There may be many different reasons why one varies or cancels a contract. As is normal in business practice, contracts are very often amended, varied and/or cancelled. However must must always be wary of the obligations which have been prescribed in the contract.
This meaning, that should the contract stipulate a manner of amendment/variation/cancellation, one must always take heed of what has been stipulated in order that the amendment/variation/cancellation be valid and binding.
A very common contractual terms prescribes that amendments/variations/cancellations may be done in writing and signed by both parties. The question at hand is whether email correspondence between the parties agreeing to variation/amendment/cancellation is sufficient to fulfill the term in writing and signed.
The Supreme Court of Appeal (Spring Forest Trading 599 CC/Wilberry (Pty) Ltd t/a Ecowash) recently held that correspondence over email cancelling a contract is sufficient for when a contract requires cancellations to be in writing and signed by the parties.

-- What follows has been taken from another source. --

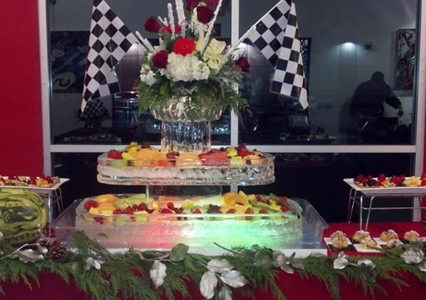 Touch of Paradise Catering in Fullerton, CA (6)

The email signature amounts to an electronic signature as it contains the typed names of the parties in terms of the Electronic Communications and Transactions Act.
It is noteworthy that if a contract states that it must be varied in writing, an oral agreement to vary will not stand up in court. So if you orally agree to such, it is best that an email is sent to the other party for them to confirm in writing/by email for the action to be binding. For certainty is still recommended to reduce the agreed to writing and have it signed by both parties.
Whenever dealing with business relationships that are guided by a binding contract, one must always follow the contract and what it (legaly) prescribes.